September 23, 2024

Juan Valenciana

12th Grade

St. Francis Preparatory School 

Drivetrains are the key to how your vehicle moves, transferring the power from the engine to the transmission and making the wheels turn so that the car can drive. 

In a car, the engine burns fuel to create energy, similar to how when you pedal a bike, you generate power with your legs. The transmission is the first major component within the drivetrain. Based on the driver’s input, such as pressing the gas pedal or shifting gear, the transmission adjusts how much power the engine should be putting out by changing gear ratios and modulating the amount of torque (circulatory force) put through to the wheels. 

Low-Speed Torque: When a car starts moving from a stop or needs to go up a hill, it needs a lot of torque.
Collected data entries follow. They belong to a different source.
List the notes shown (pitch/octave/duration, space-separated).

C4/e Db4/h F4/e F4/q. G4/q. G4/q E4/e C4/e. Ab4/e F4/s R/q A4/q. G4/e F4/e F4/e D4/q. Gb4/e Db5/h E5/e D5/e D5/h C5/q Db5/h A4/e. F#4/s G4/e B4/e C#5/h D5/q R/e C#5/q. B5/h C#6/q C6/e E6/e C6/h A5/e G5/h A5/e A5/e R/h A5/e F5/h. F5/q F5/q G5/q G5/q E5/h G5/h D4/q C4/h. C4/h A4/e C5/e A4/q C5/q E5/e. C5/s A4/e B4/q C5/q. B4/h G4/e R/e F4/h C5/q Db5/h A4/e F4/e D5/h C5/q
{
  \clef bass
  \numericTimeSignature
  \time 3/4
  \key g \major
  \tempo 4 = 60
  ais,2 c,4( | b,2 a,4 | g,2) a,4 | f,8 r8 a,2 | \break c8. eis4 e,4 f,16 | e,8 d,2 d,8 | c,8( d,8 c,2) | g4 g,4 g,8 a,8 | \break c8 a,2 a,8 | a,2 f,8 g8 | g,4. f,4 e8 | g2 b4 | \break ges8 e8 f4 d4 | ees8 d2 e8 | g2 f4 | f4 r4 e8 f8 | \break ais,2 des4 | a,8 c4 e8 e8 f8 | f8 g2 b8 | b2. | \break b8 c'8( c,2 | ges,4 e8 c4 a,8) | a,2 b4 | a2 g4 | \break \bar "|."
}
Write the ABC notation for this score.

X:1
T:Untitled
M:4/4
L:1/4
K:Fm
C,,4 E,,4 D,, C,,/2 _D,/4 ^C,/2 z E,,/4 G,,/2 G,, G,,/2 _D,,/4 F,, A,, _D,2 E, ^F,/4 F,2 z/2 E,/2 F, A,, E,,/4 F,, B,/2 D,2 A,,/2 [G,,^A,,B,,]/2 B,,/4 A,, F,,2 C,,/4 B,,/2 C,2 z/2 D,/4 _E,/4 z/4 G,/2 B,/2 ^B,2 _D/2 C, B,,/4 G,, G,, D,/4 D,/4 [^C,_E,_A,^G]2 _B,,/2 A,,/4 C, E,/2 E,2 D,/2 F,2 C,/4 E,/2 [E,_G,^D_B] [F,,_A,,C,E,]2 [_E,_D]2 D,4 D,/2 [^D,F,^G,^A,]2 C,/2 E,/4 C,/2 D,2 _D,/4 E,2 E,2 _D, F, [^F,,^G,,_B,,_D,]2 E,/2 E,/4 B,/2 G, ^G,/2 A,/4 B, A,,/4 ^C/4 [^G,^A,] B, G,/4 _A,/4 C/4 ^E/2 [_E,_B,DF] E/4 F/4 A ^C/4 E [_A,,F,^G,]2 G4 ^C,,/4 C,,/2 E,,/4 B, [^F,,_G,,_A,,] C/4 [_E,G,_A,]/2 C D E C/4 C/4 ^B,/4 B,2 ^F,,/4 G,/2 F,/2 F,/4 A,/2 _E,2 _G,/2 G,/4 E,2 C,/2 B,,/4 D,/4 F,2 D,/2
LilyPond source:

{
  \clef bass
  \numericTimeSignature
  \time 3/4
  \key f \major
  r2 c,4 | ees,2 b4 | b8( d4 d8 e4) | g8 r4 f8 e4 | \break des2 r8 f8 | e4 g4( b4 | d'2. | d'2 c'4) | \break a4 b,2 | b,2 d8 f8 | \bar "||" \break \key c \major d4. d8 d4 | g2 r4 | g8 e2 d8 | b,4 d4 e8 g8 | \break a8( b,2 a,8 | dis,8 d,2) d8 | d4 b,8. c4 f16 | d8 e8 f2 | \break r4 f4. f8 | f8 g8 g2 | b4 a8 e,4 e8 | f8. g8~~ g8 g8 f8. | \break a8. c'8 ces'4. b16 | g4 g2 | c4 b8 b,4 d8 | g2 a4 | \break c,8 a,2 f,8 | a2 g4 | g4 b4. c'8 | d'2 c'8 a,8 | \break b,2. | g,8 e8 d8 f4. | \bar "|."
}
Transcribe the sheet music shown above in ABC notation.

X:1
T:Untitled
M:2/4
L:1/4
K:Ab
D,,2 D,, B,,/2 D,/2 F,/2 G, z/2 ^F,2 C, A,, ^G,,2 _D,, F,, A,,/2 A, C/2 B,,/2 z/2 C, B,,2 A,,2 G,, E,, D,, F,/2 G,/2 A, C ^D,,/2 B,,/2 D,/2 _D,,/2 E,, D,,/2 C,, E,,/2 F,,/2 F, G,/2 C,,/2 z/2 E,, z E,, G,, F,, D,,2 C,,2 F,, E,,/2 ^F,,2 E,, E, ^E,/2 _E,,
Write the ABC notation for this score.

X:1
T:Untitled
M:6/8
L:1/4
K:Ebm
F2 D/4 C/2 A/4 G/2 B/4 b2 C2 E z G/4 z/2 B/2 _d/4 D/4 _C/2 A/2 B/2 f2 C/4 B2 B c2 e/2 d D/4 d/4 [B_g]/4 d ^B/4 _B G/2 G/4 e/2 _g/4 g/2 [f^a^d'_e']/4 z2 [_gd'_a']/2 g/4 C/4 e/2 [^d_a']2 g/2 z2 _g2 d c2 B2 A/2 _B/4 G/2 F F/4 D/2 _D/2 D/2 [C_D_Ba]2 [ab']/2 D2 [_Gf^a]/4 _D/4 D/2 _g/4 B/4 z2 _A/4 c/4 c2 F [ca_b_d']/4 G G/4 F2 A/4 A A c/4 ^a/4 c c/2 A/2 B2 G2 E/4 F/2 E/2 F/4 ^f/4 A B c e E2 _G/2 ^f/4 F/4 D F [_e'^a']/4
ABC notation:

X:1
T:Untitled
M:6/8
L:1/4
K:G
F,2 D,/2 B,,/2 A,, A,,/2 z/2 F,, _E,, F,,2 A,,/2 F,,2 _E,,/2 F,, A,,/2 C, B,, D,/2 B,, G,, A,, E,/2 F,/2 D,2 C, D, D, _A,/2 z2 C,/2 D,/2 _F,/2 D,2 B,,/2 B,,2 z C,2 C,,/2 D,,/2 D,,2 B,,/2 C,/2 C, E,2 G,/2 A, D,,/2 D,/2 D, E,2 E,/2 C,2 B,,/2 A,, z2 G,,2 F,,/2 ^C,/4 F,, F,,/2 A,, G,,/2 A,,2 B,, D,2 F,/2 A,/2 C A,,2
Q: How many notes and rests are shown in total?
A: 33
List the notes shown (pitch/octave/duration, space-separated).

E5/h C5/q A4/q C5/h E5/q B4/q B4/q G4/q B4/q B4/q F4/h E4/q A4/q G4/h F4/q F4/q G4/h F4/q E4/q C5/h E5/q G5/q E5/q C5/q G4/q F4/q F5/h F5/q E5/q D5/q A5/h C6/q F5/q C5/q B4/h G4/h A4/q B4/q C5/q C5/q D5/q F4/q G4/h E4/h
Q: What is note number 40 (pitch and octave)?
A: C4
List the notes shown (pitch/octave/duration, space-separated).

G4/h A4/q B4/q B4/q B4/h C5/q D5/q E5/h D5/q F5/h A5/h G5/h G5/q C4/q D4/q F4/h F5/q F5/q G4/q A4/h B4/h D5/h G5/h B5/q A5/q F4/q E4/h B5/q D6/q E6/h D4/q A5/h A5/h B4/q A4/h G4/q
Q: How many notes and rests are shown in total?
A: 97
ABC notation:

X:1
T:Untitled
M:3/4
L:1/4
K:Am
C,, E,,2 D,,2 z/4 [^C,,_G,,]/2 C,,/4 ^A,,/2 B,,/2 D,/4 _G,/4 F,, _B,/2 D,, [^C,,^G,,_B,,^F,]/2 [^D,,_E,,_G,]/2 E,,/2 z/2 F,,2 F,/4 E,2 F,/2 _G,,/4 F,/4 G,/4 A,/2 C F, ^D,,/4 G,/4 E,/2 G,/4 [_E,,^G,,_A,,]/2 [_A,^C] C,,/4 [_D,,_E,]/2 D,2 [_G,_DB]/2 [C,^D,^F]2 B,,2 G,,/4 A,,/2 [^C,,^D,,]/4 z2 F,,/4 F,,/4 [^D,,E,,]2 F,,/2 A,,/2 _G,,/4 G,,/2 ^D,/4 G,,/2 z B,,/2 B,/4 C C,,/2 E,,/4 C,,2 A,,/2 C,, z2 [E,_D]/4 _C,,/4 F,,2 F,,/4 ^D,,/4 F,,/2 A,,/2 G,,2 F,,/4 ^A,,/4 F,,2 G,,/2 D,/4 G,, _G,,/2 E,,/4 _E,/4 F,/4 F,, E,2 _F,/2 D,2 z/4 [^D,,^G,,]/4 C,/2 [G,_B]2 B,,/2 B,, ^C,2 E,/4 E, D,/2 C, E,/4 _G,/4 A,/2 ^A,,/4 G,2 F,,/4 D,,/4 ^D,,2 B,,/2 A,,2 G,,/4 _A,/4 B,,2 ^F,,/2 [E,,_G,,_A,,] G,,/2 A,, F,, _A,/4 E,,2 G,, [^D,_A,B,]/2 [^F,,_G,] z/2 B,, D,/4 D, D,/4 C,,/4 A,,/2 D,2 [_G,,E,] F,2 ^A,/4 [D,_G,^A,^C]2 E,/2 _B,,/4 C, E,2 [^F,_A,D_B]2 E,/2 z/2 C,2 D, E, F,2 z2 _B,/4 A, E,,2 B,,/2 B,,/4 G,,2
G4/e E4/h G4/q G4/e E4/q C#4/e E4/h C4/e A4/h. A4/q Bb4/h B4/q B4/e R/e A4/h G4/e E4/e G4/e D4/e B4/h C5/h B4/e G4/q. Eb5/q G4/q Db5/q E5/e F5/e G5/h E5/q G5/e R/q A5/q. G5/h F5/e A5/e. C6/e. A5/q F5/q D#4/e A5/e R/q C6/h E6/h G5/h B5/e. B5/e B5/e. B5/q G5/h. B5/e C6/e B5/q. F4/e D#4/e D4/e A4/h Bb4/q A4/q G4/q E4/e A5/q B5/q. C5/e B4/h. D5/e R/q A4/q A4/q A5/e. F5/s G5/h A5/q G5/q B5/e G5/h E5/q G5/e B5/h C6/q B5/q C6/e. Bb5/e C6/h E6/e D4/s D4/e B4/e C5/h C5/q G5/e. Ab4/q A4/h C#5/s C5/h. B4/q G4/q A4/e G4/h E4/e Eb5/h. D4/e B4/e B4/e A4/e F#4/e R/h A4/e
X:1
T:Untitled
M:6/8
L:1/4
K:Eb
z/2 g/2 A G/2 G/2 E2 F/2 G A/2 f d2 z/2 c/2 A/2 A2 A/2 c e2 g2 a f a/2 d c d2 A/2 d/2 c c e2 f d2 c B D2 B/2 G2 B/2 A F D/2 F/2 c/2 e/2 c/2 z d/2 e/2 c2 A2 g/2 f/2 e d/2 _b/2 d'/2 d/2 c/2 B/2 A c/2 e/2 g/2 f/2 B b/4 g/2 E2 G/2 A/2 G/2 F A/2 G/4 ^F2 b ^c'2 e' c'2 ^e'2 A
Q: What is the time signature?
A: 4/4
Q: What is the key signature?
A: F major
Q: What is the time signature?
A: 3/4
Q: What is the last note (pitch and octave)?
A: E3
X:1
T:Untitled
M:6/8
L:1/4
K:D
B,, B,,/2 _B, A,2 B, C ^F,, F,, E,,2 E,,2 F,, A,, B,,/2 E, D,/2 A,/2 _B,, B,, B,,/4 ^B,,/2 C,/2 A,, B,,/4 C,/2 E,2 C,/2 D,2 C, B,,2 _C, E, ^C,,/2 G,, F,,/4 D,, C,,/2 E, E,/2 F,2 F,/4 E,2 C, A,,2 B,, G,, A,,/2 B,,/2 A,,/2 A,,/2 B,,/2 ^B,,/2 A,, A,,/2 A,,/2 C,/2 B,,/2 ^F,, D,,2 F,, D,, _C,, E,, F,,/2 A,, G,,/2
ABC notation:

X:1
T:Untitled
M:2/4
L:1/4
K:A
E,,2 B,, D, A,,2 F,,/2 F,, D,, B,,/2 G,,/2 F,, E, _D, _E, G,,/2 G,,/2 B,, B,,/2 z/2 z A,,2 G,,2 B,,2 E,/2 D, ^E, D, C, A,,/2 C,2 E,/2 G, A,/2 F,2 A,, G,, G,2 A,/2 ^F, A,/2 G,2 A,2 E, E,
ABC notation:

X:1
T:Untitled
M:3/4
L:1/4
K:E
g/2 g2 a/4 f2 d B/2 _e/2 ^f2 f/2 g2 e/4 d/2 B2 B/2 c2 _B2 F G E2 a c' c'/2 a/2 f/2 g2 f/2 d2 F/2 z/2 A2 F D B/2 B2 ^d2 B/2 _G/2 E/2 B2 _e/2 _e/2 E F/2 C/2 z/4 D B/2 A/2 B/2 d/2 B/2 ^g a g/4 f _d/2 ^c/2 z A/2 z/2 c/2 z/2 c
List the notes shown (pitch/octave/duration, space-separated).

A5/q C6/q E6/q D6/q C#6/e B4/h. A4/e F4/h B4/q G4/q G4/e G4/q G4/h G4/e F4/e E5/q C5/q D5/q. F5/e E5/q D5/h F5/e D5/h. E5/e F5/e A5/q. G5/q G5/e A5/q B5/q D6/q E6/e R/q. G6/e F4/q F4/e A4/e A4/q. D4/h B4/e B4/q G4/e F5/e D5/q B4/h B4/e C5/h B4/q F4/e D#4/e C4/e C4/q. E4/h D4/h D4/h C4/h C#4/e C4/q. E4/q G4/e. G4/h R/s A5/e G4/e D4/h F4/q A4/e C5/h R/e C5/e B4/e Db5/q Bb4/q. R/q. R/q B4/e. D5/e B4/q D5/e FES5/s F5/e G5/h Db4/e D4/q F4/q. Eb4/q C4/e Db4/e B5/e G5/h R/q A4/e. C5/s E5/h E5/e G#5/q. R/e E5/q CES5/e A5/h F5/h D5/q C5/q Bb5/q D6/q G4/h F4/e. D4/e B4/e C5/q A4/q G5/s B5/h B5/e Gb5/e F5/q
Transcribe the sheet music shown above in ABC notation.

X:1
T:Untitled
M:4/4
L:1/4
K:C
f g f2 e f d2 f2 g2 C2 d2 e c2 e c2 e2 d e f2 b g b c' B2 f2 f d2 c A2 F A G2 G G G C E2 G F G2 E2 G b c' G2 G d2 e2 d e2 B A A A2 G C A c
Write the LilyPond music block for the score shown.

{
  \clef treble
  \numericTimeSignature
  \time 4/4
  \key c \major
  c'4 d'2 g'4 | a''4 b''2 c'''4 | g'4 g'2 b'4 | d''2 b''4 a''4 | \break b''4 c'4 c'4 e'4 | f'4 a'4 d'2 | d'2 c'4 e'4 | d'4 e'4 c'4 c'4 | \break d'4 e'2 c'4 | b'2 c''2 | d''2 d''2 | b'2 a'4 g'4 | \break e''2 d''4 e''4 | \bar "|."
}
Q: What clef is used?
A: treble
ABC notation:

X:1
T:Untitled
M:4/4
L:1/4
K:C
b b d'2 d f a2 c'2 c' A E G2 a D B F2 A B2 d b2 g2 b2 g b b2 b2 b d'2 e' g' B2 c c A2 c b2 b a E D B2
Lower gears in the transmission (like first or second gear) multiply the engine's torque, making the car more powerful at lower speeds. Once the car begins moving on a flat road, it doesn't require as much torque. Higher gears (like fourth or fifth gear) don’t multiply torque as much which in turn allows the car to reach higher speeds. 

Engines need gears to be able to have low-speed torque, yet still be able to shift those gears for higher-end top speed without going over their max rpm limit. Without a transmission, the engine would be slow to start with just high gears, or fast to start, but have a very limited top speed. 

Transmission Control Module (TCM) is the ‘brain’ of the automatic transmission system. It uses sensors for the vehicle’s speed, engine load, and other factors to automatically determine when to shift gears. Furthermore, automatic transmissions use hydraulic pressure to engage and disengage gears. In this system, a torque converter replaces the clutch by allowing the transmission to decouple or disengage from the engine and transfer power from the engine to the transmission. 

The differential is important because it enables the wheels to turn at different rates, particularly during turns. Without a differential, the wheels would all be forced to rotate at the same time which would lead to worn-out tires and overall poor handling of the vehicle. 

Most rear-wheel drive cars have an open differential, which allows the rear wheels to spin independently of each other. Most cars utilize open differentials. A limited-slip differential (LSD) allows for a smaller difference in wheel speed but reduces excessive slip when one wheel loses traction. For example, if one wheel starts spinning rapidly due to ice or mud, LSD transfers some of the torque to the wheel with better traction improving overall stability.

Driveshafts connect to the transmission and the differential via universal joints. The driveshaft transfers the power of the transmission to the differential. This power being transferred is from the front part to the rear end of the vehicle where the differential is mostly located. 

The last link in the drivetrain after the differential is the axles, the strongest weight-bearing component of the vehicle. The axles, along with the driveshaft, are directly responsible for turning the tires. 

The drivetrain system connects the engine’s power with the wheels to allow the car to drive. By balancing differential wheel spins during turns, drivetrains also play a role in handling and stability. Maintaining the drivetrain system is necessary for vehicle performance and longevity.